> _Exercise description_:
All the data should be repeated exactly. Any image in it is left out.

> _Supplied data_:
◆ ◆ ◆ ◆
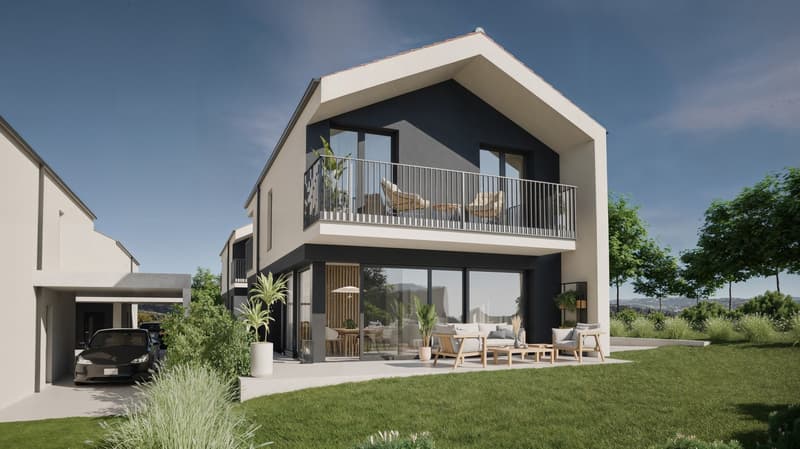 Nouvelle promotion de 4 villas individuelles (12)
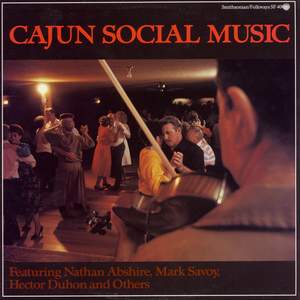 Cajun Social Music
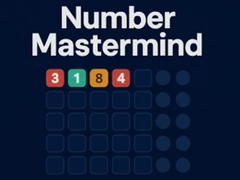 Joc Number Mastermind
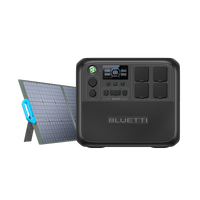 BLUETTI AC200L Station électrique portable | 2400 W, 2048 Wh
◆ ◆ ◆ ◆
> _Result of this exercise_:
 Nouvelle promotion de 4 villas individuelles (12)
 Cajun Social Music
 Joc Number Mastermind
 BLUETTI AC200L Station électrique portable | 2400 W, 2048 Wh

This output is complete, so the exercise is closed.